--- Source material ---

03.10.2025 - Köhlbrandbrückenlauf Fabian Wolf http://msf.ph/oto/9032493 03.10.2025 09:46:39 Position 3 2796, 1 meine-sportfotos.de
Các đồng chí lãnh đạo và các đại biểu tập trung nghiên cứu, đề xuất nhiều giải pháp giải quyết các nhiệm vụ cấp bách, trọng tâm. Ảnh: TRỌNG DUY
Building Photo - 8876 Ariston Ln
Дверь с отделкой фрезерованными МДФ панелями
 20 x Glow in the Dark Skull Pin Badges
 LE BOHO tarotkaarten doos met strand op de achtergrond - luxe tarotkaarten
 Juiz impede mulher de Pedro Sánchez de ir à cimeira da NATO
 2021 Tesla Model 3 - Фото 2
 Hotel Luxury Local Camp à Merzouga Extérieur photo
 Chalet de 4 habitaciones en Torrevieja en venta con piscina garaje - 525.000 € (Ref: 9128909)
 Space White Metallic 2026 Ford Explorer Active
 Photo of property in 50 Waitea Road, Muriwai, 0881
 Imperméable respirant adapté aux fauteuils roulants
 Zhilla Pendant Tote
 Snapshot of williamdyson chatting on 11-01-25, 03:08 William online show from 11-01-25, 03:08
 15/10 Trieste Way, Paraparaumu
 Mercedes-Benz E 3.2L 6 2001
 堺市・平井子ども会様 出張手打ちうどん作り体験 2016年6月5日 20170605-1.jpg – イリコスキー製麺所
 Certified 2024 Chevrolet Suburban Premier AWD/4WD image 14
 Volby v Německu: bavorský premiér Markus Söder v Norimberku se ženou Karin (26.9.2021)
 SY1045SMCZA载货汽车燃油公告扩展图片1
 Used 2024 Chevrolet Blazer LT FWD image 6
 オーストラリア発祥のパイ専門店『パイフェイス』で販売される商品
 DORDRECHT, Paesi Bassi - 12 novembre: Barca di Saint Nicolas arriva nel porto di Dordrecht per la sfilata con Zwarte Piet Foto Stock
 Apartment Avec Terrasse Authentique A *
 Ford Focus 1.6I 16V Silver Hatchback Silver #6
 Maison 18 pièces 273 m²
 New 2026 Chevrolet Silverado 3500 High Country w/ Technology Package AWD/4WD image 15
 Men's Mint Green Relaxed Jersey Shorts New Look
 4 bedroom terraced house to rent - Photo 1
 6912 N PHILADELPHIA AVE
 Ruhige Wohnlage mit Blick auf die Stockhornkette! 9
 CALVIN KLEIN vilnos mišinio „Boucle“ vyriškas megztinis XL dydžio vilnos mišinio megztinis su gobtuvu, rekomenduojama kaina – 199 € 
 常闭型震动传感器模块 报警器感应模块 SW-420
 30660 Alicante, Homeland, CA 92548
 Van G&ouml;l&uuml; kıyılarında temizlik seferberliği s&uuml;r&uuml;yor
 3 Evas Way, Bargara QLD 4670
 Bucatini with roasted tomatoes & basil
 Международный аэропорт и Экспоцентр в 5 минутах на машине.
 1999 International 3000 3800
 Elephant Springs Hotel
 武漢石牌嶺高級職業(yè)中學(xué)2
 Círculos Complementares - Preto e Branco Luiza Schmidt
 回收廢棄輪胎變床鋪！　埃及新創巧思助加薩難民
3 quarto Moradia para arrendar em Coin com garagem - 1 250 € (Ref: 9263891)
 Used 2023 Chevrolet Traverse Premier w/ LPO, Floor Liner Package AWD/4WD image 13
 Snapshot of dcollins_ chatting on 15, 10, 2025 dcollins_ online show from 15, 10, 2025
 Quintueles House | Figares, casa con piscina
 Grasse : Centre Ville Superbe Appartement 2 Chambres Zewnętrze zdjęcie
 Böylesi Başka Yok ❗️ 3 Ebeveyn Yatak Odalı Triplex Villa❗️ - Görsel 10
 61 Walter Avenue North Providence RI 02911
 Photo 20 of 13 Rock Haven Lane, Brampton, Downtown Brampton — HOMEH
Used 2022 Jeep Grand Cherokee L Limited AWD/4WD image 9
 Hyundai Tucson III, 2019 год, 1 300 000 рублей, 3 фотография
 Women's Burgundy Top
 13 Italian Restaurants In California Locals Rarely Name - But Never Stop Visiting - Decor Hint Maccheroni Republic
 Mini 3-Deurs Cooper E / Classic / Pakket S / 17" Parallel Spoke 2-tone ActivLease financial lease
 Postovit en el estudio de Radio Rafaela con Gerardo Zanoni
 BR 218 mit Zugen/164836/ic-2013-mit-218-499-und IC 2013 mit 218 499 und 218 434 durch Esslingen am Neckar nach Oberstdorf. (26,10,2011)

---

*Work required:*
Both the line containing "15/10 Trieste Way, Paraparaumu" and the line containing "Volby v Německu: bavorský" belong in the answer. Print them and every line above that falls between them exactly, and no others.

*Answer:*
 15/10 Trieste Way, Paraparaumu
 Mercedes-Benz E 3.2L 6 2001
 堺市・平井子ども会様 出張手打ちうどん作り体験 2016年6月5日 20170605-1.jpg – イリコスキー製麺所
 Certified 2024 Chevrolet Suburban Premier AWD/4WD image 14
 Volby v Německu: bavorský premiér Markus Söder v Norimberku se ženou Karin (26.9.2021)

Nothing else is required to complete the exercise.